■ AIM OF THE TASK ■
With pictures removed, print the listing exactly.

################

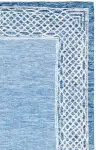 Blue / Ivory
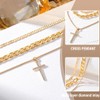 Women Necklace Cross Necklace for Women Adjustable Women Necklace Stacked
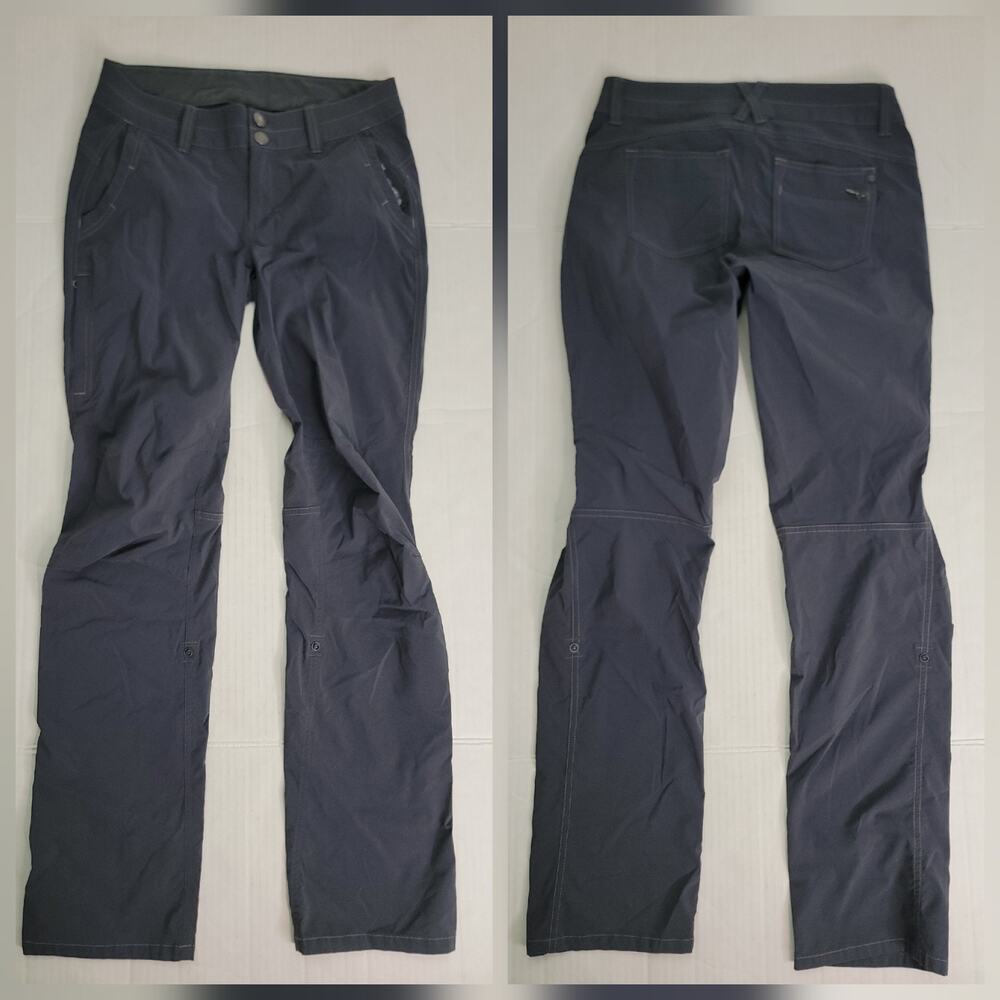 Marmot Pants Womens SZ 2 Kodachrome Convertible Dark Steel Gorpcore Outdoor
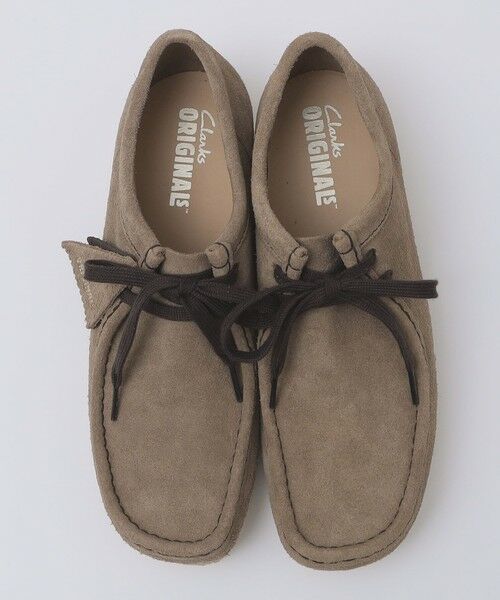 SHIPS / シップス ブーツ（ショート丈） | 【SHIPS EXCLUSIVE】CLARKS: WOLF SUEDE WALLABEE | 詳細3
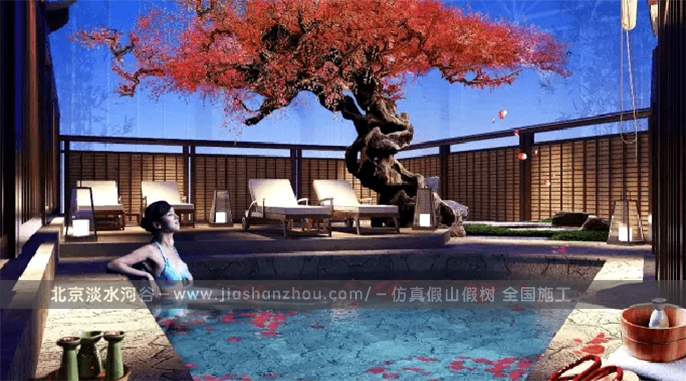 仿真树厂家北京淡水河谷恭祝大家2019年元宵节快乐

################

■ EXERCISE OUTPUT ■
 Blue / Ivory
 Women Necklace Cross Necklace for Women Adjustable Women Necklace Stacked
 Marmot Pants Womens SZ 2 Kodachrome Convertible Dark Steel Gorpcore Outdoor
 SHIPS / シップス ブーツ（ショート丈） | 【SHIPS EXCLUSIVE】CLARKS: WOLF SUEDE WALLABEE | 詳細3
 仿真树厂家北京淡水河谷恭祝大家2019年元宵节快乐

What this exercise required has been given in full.